К какому-то моменту мы с Бобом провели достаточно бесед в тюрьме и уже умели сопоставлять происходящее в сознании преступника до, во время и после преступления с деталями места преступления, виктимологией и другими вещами. Чтобы завоевать доверие, мы стали предлагать местным следователям не только наш взгляд на личность и поведение правонарушителя, но и упреждающие стратегии, рассчитанные на то, чтобы выманить неустановленного субъекта (в нашей терминологии НС) из укрытия, чтобы те, кто имел с ним дело, могли его опознать и сообщить о нем. По сути, это и было формальным началом программы профайлинга и консалтинга в Куантико. В скором времени к нам с Бобом присоединились на неофициальной основе, поскольку они были связаны преподавательской и исследовательской работой два блестящих агента, Рой Хейзелвуд и Кеннет Ланнинг. Первый имел огромный опыт в области межличностного насилия и за четыре года до того ездил со мной в Атланту по делу об убийстве детей, второй сосредоточил внимание на преступлениях против детей.
Но борьба за признание полезности программы и ресурсы, необходимые нам для ее расширения, продолжалась. Руководитель отдела поведенческой науки Роджер Л. Депью был нашим защитником и регулярно выступал от нашего имени перед начальством в академии и штаб-квартире Бюро. Роджер, ветеран Корпуса морской пехоты и бывший начальник полиции Мичигана, постоянно твердил, что консультации по активным делам не отвлекают от миссии академии, а доказывают жизнеспособность наших исследований и выводов и, в конце концов, подтверждают нашу собственную полезность. Конечно, все мы оказывались под сильнейшим давлением от нас требовалось показывать конкретный результат, но нам удалось достичь нескольких впечатляющих успехов, в особенности по делу с убийствами детей в Атланте.

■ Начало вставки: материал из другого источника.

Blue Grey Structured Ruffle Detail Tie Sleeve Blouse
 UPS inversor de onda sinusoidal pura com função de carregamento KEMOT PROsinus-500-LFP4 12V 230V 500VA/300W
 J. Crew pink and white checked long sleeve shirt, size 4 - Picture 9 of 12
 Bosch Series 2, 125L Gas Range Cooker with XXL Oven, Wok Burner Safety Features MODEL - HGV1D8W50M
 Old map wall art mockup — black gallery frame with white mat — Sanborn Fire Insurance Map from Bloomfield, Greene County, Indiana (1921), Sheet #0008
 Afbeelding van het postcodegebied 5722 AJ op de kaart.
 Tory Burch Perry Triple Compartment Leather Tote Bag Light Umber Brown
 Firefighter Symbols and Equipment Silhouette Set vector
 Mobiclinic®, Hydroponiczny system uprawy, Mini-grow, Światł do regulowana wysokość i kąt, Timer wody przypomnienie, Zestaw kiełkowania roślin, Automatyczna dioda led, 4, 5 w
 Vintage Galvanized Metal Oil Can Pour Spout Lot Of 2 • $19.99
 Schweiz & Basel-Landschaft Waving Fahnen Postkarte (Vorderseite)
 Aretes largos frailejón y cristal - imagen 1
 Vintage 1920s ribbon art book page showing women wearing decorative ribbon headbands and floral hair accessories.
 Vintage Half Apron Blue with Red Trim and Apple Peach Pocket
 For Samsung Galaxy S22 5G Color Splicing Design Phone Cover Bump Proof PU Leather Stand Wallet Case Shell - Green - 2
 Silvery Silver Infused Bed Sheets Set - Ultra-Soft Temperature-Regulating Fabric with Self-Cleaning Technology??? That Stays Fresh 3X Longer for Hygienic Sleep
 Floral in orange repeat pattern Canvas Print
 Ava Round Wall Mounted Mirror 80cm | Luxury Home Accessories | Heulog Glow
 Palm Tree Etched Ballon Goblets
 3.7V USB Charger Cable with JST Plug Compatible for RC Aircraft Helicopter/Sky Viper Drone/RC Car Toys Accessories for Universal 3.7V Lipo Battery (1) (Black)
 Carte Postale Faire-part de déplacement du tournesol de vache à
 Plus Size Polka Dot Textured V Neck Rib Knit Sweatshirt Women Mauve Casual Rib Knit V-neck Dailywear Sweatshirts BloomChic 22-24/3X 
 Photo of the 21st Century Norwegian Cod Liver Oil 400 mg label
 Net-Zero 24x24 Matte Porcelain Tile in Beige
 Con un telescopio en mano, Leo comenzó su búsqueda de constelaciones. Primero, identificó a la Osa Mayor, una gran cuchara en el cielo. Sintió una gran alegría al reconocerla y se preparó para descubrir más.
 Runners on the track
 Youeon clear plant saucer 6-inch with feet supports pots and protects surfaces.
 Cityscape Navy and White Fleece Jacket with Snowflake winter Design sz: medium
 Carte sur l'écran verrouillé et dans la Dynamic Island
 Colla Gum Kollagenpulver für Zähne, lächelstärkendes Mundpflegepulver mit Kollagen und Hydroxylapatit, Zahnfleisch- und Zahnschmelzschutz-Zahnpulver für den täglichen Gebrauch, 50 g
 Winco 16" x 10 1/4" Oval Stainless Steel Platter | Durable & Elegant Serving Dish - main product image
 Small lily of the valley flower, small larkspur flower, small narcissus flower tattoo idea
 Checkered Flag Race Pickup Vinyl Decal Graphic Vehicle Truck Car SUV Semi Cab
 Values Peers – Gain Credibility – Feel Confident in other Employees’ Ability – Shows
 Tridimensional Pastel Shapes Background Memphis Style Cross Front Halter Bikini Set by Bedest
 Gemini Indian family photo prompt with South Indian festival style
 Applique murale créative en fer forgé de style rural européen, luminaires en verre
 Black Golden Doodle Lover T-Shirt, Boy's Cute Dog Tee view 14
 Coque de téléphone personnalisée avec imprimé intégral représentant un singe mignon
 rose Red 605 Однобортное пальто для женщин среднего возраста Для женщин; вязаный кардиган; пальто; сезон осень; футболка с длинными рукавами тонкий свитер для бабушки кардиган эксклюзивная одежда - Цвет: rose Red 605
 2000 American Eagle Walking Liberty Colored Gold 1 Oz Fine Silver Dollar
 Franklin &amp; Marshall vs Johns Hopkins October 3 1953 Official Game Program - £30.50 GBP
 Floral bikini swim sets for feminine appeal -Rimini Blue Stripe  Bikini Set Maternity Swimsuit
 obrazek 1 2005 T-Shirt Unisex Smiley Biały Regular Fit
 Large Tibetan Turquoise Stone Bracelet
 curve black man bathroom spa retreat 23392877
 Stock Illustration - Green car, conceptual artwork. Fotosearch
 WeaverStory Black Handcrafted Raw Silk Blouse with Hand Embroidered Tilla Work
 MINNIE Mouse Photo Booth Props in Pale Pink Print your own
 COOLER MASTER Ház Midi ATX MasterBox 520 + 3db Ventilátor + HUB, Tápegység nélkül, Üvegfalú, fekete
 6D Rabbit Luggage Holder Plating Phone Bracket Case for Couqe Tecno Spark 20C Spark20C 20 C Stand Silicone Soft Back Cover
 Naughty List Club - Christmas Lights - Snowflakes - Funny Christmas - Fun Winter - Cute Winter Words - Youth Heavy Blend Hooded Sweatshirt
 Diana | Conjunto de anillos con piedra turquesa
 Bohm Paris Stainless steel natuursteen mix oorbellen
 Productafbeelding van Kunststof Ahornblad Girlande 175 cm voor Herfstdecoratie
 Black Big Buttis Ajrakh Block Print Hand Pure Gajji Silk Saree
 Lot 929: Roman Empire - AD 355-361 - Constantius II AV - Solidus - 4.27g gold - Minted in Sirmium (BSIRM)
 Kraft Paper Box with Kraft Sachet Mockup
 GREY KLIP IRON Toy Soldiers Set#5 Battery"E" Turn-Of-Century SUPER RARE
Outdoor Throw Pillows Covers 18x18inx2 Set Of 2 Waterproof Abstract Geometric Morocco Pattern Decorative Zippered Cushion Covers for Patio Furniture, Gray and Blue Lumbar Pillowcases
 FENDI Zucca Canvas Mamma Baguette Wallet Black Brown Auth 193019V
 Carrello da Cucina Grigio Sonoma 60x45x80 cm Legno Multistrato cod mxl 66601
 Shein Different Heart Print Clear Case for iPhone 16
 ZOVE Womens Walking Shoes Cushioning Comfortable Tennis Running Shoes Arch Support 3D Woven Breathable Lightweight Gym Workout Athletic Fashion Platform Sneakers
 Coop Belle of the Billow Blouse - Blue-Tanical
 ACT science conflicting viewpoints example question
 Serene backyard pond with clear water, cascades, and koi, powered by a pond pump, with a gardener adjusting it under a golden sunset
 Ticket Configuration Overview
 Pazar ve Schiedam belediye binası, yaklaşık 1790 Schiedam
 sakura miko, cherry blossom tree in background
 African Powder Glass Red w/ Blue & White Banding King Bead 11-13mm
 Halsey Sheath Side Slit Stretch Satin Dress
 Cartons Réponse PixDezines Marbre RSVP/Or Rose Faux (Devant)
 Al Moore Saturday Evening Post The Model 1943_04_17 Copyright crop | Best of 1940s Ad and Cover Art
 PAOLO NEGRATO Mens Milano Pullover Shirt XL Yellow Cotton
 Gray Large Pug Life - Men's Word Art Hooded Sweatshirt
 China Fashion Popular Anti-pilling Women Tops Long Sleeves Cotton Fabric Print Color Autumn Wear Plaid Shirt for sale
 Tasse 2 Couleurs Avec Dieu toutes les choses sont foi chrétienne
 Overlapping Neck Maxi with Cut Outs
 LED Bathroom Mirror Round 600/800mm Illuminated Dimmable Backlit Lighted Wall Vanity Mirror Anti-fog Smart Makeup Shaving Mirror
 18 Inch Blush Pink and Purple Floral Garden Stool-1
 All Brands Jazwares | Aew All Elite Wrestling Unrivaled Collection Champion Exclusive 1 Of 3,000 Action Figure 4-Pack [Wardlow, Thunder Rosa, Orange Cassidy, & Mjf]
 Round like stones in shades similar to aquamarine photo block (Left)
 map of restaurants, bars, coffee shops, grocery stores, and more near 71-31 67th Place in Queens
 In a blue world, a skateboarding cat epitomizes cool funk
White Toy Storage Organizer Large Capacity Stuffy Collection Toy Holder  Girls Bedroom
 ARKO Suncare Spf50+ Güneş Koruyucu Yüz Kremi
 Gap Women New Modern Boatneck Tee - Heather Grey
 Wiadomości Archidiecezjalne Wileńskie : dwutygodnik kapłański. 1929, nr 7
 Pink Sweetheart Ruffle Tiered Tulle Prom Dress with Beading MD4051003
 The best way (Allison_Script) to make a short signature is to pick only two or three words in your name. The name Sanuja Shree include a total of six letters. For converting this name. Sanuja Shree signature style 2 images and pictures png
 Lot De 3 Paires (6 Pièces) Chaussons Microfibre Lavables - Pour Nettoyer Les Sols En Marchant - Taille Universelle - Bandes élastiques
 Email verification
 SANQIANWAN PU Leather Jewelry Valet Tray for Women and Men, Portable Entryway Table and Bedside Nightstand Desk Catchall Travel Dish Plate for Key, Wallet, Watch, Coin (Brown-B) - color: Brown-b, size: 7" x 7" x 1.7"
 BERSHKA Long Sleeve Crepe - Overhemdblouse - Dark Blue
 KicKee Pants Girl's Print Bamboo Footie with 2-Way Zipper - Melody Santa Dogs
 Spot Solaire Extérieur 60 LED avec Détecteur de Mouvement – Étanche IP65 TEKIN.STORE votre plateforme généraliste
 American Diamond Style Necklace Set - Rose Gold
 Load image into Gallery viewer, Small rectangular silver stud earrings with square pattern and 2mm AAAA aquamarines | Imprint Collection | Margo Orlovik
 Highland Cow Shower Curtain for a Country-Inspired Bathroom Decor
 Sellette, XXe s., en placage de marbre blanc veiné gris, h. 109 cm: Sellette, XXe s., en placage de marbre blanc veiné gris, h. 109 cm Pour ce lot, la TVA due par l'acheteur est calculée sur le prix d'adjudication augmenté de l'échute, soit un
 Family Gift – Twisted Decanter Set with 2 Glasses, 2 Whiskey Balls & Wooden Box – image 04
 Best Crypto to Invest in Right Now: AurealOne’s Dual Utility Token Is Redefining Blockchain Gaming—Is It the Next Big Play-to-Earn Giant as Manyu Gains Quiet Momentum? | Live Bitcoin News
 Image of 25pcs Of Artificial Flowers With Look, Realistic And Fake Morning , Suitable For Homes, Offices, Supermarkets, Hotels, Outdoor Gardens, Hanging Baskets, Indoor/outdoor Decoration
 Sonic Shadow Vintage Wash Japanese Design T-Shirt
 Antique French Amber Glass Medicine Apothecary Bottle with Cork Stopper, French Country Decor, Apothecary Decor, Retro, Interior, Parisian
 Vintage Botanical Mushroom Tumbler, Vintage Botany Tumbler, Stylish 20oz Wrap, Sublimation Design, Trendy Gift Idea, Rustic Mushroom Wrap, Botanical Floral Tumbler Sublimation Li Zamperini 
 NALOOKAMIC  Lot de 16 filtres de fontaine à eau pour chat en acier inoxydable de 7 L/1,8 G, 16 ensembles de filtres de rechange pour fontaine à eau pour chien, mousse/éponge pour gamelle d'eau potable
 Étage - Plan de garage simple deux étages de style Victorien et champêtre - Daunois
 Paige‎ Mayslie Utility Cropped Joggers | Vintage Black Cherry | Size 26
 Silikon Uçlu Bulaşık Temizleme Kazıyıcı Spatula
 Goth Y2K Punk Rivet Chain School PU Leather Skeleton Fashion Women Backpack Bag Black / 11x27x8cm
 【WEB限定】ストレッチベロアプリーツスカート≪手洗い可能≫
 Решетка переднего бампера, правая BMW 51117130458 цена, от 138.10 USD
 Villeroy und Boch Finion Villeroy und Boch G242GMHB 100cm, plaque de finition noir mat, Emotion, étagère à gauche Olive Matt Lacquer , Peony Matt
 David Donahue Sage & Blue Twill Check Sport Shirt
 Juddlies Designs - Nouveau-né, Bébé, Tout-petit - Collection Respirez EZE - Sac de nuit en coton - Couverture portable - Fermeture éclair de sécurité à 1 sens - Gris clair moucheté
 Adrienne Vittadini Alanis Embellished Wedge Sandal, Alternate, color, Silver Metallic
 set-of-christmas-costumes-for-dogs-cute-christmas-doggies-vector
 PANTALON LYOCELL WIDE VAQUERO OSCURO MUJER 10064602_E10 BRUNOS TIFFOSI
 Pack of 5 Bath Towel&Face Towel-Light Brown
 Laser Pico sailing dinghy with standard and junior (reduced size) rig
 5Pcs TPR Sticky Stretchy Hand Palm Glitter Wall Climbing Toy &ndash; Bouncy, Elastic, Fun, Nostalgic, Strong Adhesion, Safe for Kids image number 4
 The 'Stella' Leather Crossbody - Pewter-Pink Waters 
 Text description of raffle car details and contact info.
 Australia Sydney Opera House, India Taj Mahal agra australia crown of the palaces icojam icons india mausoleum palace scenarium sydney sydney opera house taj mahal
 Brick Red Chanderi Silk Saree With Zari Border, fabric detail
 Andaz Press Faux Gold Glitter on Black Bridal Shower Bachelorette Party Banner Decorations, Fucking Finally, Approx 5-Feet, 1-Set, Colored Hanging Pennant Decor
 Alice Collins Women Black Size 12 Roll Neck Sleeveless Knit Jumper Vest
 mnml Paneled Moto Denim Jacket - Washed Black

Неудивительно, что первые успехи привели к увеличению числа запросов на наши профайлинговые и консалтинговые услуги. Я был первым и единственным штатным профайлером Бюро в течение нескольких лет. Нагрузка быстро стала непосильной. В январе 1983 года я пошел к Джиму Маккензи, помощнику директора ФБР, отвечавшему за Академию, рассказал о положении дел и попросил о дополнительной помощи на полный рабочий день. Маккензи, как и Роджер Депью, был твердым сторонником программы и к моей просьбе отнесся сочувственно. Ему удалось убедить руководство в полезности этой идеи, а также в необходимости произвести кое-какие изменения в штатном расписании Куантико. По сути, мы «выкрали» несколько человек из других программ, и так ко мне пришли четыре первых профайлера Рон Уокер, Блейн Макилвейн, Джим Хорн и Билл Хагмайер.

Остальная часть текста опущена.